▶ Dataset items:
______________________________

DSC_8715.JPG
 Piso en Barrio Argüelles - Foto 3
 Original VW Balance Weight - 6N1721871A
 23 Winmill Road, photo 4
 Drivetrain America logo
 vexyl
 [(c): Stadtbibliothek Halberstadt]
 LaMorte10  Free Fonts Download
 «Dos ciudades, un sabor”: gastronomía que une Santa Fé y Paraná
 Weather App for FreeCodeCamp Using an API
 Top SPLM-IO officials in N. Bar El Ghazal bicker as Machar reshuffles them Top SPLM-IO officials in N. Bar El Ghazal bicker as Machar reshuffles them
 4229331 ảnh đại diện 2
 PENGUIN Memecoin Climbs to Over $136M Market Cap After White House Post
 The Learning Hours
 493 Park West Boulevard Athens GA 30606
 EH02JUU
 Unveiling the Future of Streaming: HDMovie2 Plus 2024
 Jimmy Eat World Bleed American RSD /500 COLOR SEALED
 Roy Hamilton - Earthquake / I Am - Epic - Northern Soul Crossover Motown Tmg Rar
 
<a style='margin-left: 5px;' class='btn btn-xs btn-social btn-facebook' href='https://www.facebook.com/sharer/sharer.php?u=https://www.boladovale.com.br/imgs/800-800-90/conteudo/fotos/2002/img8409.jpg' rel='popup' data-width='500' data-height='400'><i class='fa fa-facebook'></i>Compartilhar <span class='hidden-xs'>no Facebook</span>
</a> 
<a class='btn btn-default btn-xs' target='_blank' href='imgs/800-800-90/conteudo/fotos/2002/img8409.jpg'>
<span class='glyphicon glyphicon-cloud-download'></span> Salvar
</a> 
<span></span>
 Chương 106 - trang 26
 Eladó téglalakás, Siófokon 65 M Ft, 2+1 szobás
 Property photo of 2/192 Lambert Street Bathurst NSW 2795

______________________________

Copy nothing except the lines from the one with "<span></span>" through the end of the records; keep each exactly as it appears, first and last included.

▶ Exercise output:
<span></span>
 Chương 106 - trang 26
 Eladó téglalakás, Siófokon 65 M Ft, 2+1 szobás
 Property photo of 2/192 Lambert Street Bathurst NSW 2795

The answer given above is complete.